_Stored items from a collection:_
□ □ □ □ □

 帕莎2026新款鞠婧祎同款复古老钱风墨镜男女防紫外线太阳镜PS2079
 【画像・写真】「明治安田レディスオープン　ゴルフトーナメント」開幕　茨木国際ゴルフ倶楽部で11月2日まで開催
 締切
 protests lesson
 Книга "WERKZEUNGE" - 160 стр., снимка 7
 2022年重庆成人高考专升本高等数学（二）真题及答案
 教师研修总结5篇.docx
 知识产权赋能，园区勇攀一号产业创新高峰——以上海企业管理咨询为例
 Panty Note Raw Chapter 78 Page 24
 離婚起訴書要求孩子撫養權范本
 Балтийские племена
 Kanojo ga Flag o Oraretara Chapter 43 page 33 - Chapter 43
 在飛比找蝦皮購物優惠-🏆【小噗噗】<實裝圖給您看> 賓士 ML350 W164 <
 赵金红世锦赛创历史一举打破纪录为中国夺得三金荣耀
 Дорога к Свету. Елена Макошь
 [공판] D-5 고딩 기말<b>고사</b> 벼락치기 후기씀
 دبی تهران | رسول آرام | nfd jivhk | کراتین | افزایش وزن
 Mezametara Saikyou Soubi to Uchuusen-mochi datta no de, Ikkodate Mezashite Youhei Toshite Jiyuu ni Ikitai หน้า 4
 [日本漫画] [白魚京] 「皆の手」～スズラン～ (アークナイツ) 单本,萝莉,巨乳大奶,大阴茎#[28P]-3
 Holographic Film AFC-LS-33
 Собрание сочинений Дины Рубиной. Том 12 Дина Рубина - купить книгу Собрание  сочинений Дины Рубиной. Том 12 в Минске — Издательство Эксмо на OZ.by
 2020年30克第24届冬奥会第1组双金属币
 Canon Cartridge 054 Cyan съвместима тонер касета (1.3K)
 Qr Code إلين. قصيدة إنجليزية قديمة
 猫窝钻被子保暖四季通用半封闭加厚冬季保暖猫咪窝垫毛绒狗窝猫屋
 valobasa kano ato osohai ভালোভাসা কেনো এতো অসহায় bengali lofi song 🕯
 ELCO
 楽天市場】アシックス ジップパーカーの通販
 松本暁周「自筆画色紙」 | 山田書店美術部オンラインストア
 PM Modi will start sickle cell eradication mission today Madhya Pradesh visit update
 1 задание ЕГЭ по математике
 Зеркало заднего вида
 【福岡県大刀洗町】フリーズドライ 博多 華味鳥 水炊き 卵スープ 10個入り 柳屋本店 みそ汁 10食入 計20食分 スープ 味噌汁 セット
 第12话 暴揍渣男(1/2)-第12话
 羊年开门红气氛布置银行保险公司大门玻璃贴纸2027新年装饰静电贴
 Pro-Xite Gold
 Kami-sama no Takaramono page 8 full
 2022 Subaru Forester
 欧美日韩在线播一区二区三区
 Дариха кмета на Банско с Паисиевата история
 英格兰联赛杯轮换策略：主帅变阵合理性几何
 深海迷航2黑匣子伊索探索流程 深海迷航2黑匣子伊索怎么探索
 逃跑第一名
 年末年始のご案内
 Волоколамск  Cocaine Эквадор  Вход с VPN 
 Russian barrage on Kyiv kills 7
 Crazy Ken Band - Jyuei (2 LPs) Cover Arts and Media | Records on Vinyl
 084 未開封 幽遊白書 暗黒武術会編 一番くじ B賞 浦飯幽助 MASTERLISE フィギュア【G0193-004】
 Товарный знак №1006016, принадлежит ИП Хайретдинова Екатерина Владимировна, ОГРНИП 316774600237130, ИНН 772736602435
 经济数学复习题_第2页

□ □ □ □ □

_PROMPT:_ Quote all of the entries exactly as they appear.

_THE ANSWER:_
 帕莎2026新款鞠婧祎同款复古老钱风墨镜男女防紫外线太阳镜PS2079
 【画像・写真】「明治安田レディスオープン　ゴルフトーナメント」開幕　茨木国際ゴルフ倶楽部で11月2日まで開催
 締切
 protests lesson
 Книга "WERKZEUNGE" - 160 стр., снимка 7
 2022年重庆成人高考专升本高等数学（二）真题及答案
 教师研修总结5篇.docx
 知识产权赋能，园区勇攀一号产业创新高峰——以上海企业管理咨询为例
 Panty Note Raw Chapter 78 Page 24
 離婚起訴書要求孩子撫養權范本
 Балтийские племена
 Kanojo ga Flag o Oraretara Chapter 43 page 33 - Chapter 43
 在飛比找蝦皮購物優惠-🏆【小噗噗】<實裝圖給您看> 賓士 ML350 W164 <
 赵金红世锦赛创历史一举打破纪录为中国夺得三金荣耀
 Дорога к Свету. Елена Макошь
 [공판] D-5 고딩 기말<b>고사</b> 벼락치기 후기씀
 دبی تهران | رسول آرام | nfd jivhk | کراتین | افزایش وزن
 Mezametara Saikyou Soubi to Uchuusen-mochi datta no de, Ikkodate Mezashite Youhei Toshite Jiyuu ni Ikitai หน้า 4
 [日本漫画] [白魚京] 「皆の手」～スズラン～ (アークナイツ) 单本,萝莉,巨乳大奶,大阴茎#[28P]-3
 Holographic Film AFC-LS-33
 Собрание сочинений Дины Рубиной. Том 12 Дина Рубина - купить книгу Собрание  сочинений Дины Рубиной. Том 12 в Минске — Издательство Эксмо на OZ.by
 2020年30克第24届冬奥会第1组双金属币
 Canon Cartridge 054 Cyan съвместима тонер касета (1.3K)
 Qr Code إلين. قصيدة إنجليزية قديمة
 猫窝钻被子保暖四季通用半封闭加厚冬季保暖猫咪窝垫毛绒狗窝猫屋
 valobasa kano ato osohai ভালোভাসা কেনো এতো অসহায় bengali lofi song 🕯
 ELCO
 楽天市場】アシックス ジップパーカーの通販
 松本暁周「自筆画色紙」 | 山田書店美術部オンラインストア
 PM Modi will start sickle cell eradication mission today Madhya Pradesh visit update
 1 задание ЕГЭ по математике
 Зеркало заднего вида
 【福岡県大刀洗町】フリーズドライ 博多 華味鳥 水炊き 卵スープ 10個入り 柳屋本店 みそ汁 10食入 計20食分 スープ 味噌汁 セット
 第12话 暴揍渣男(1/2)-第12话
 羊年开门红气氛布置银行保险公司大门玻璃贴纸2027新年装饰静电贴
 Pro-Xite Gold
 Kami-sama no Takaramono page 8 full
 2022 Subaru Forester
 欧美日韩在线播一区二区三区
 Дариха кмета на Банско с Паисиевата история
 英格兰联赛杯轮换策略：主帅变阵合理性几何
 深海迷航2黑匣子伊索探索流程 深海迷航2黑匣子伊索怎么探索
 逃跑第一名
 年末年始のご案内
 Волоколамск  Cocaine Эквадор  Вход с VPN 
 Russian barrage on Kyiv kills 7
 Crazy Ken Band - Jyuei (2 LPs) Cover Arts and Media | Records on Vinyl
 084 未開封 幽遊白書 暗黒武術会編 一番くじ B賞 浦飯幽助 MASTERLISE フィギュア【G0193-004】
 Товарный знак №1006016, принадлежит ИП Хайретдинова Екатерина Владимировна, ОГРНИП 316774600237130, ИНН 772736602435
 经济数学复习题_第2页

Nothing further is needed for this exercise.